The solution is simple , go to divorce court , get a settlement and child support.
You’re letting him take the piss.
It is within your rights. You should not have sold the house without a settlement.
Speak to your lawyer about a divorce settlement, then he will have no choice but to comply. U owe it to yourself and ur children.
Ahh, if it was only that simple. We had a court date and a 5 day trial set up for the week of November 6, 2014. Instead we opted for a 2 day mediation which turned into a terribly long (10:00 a.m. – 11:00 p.m.) 1 day mediation. We opted, with legal advice from both our lawyers, to go this route to save in expenses. I don’t believe that happened as I just paid a $27,000 legal bill.

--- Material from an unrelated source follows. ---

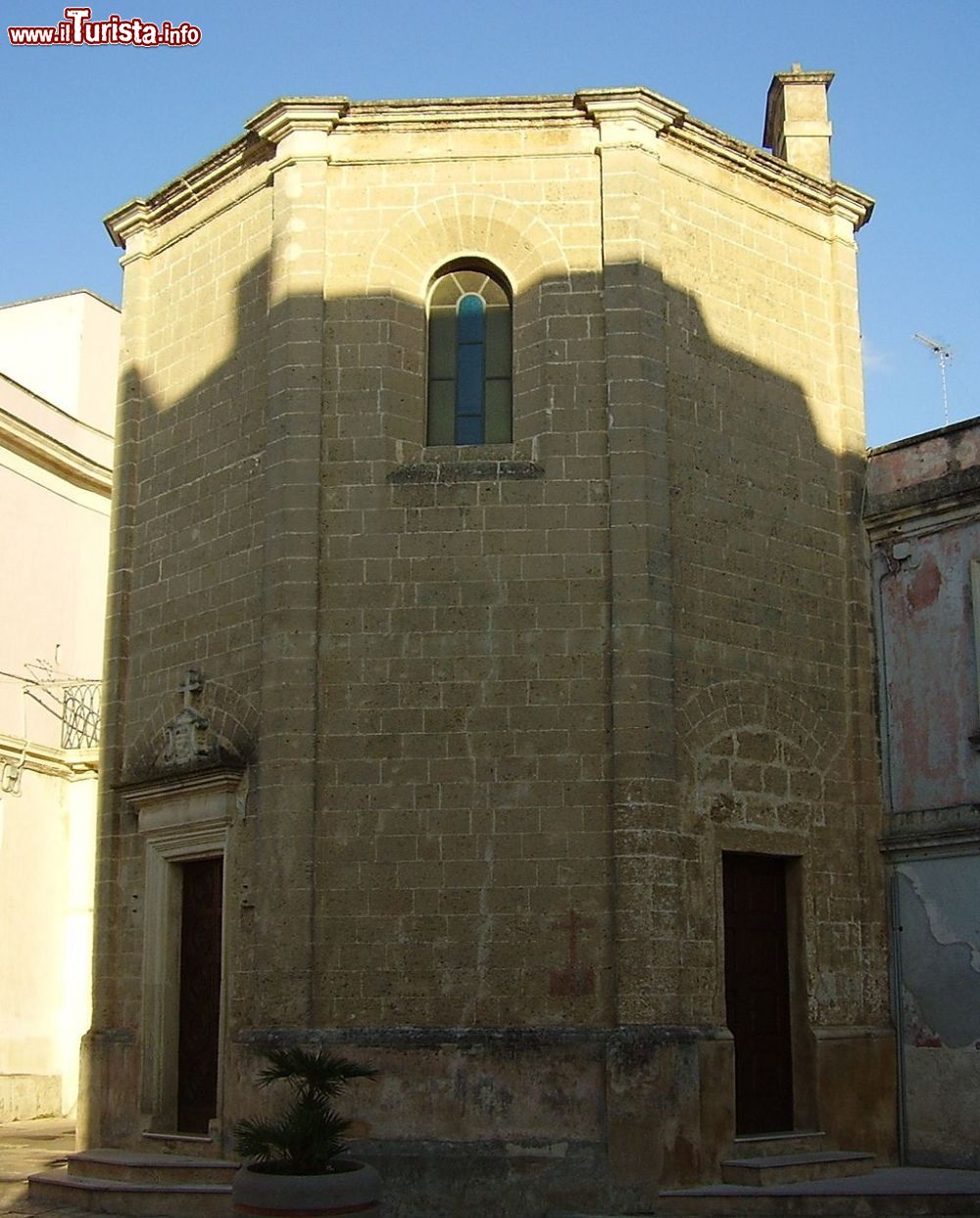 Immagine La Chiesa di Sant'Oronzo nella città pugliese di Novoli - CC BY-SA 3.0, Wikipedia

I paid more than that in the 2 years prior. Selling the house was part of the mediation agreement. It was a joint asset that we had to liquidate. Unfortunately, you can’t make anyone do anything even when they’ve signed a legal document saying they are going to do something. I have to go to court now to get an order to get my ex to follow the mediation agreement he signed. He has agreed to pay spousal and child support but now has not provided documents to support his income on which support is to be based. It is a frustrating process when you are dealing with someone with the personality of my ex. My lawyer is frustrated; his lawyer is frustrated. I am getting closer (I hope) we have divided assets and received settlement payment (mine all went to pay legal bills). The ongoing issues with me receiving payment from my ex continue to exist. I continue to fight as it is absolutely not in my nature to let anyone piss all over me without them taking responsibility for it.